Paranormal Activity, but the demon that drags us out of bed is called “work”
I have got to start making popcorn before I login to Twitter to watch my shows
Cop: Where were you on the night of July 19th 2009?
Me: Well I had diarrhea that day
Cop: That was 10 years ago. How do you remember that?
Me: *slamming fist on table* I have diarrhea every day
I got an online ancestry test done, then fourteen of my relatives were arrested.
My spirit animal is an upturned turtle.
[turns to buddy just before bar fight]
“I’ll take the guy with the glasses, you take the guy dressed as a ninja”
Email: 48 people have viewed your LinkedIn profile
Me: I still have a LinkedIn profile?
Mum: get me a plate
Me: which plate?
Mum: any plate, doesn’t matter
*brings plate*
Mum: no not that one
I think the scariest part about having triplets is having to be pregnant for 27 months.
Daddy will my cockatoo go to heaven?
– Heaven is a place of serenity and joy, right?
*nods, wiping tear*
– Then Mr. Shrieks won’t be there.
They say you’ll never forget your first kiss, but what they don’t tell you is you will also never forget the first time you throw up everything you consumed at the state fair.
My doctor told me to try a milk bath. Adding the Cinnamon Toast Crunch was my idea
my wife slo-mo diving across the living room to knock the remote out of my hand as i try to watch a sci-fi movie under her profile
Every time a bell rings an angel gets its wings. It’s always the same angel. It’s covered in wings now and wants to die but can’t
Someone told me they don’t wear a mask cuz their nose is too big. Give me a break. I wear underwear.
Nothing says I don’t want to be here like taking the gym elevator to the second floor.
me: *falls down stairs*
kind stranger: oh, you poor thing!
me: *tears in my eyes* why did you have to bring my finances into this
I’d heard there was a secret chord
To charge my phone, and I need it, Lord
But you don’t know where it’s hiding right now, do you?
I feel forsaken –
The fourth, the fifth chords in the house are taken,
The baffled dad complaining…Hallelujah
Hell yeah, I found it, Hallelujah
Raise your hand if this is your first time under a helicopter.
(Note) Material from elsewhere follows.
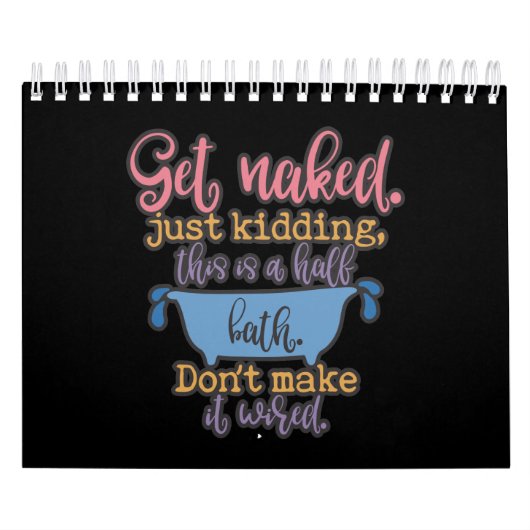 自おもしろい宅装飾用浴室デザイン カレンダー (カバー)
Ah, sorry to make an example of you Johnson, but that’s why we never do that.
[last night]
*gets drunk*
*can’t remember if I fed the dog*
*ends up feeding her 5 times*[tonight]
*comes home*
dog *hands me a beer*
pulling petals off a forget-me-not but it’s just me trying to figure out if the weather this weekend is snow or thunderstorms
It’s hard to explain to people who love Facebook that I am not on Facebook because of the people who love Facebook.
“Would you rather marry your ex or spend a year in jail?”
Me: Only 12 months to go
Dyslexic Superbowl watchers were probably disappointed when they saw football instead of a superb owl.
Lady: he’s so mysterious
Lady2: I wonder what he’s thinking
[Me, just wondering how easy it’d be to convert a nerf gun to fire meatballs]
[schoolyard crime scene]
DETECTIVE: This chalk outline indicates that a robot was brutally murdered
LIEUTENANT: That’s a hopscotch game
CNN: President Obama Rescues a Child From a Burning Home
FOX: Failed President Obama Tries To Take Jobs Away From Hard Working Firefighters
if your refrigerator’s running i’d take off in the same direction. no time to grab anything just go, run!